Page 1 of 2 [1] 2 Next page →

#6197 — Adjacent string literals

From	James Kuyper <jameskuyper@alumni.caltech.edu>
Date	2021-01-25 10:15 -0500
Subject	Adjacent string literals
Message-ID	<rumnae$4mr$1@dont-email.me>

I learned a couple of decades ago that adjacent string literals get
concatenated into a single longer literal, even if separated by
arbitrarily large amounts of white-space.

Yesterday I happened to notice that translation phase 6 says only that
"Adjacent string literal tokens are concatenated.", without saying
anything about white-space. White-space doesn't lose it's significance
until translation phase 7. Therefore, string literals that are separated
by white-space do not qualify as adjacent.
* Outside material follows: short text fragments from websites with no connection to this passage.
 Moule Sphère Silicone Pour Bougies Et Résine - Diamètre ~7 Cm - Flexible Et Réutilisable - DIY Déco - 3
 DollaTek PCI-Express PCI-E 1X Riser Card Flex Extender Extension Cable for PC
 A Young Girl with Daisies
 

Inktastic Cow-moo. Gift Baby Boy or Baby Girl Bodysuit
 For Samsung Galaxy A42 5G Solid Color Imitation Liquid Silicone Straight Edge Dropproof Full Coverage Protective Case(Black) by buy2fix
There's also no mention of
white-space in the fuller discussion that occurs in 6.4.5p5.

Am I missing something obvious here? I can imagine someone telling me
that "adjacent" should be understood as "adjacent, ignoring white-space"
- but that doesn't seem obvious to me. It also sounds vaguely familiar,
like I've had this discussion with someone before, but I can't locate
the discussion. Every example of adjacent string literals that appears
in the standard has at least one white-space character separating them,
so the intent is crystal-clear, but the wording doesn't clearly say so.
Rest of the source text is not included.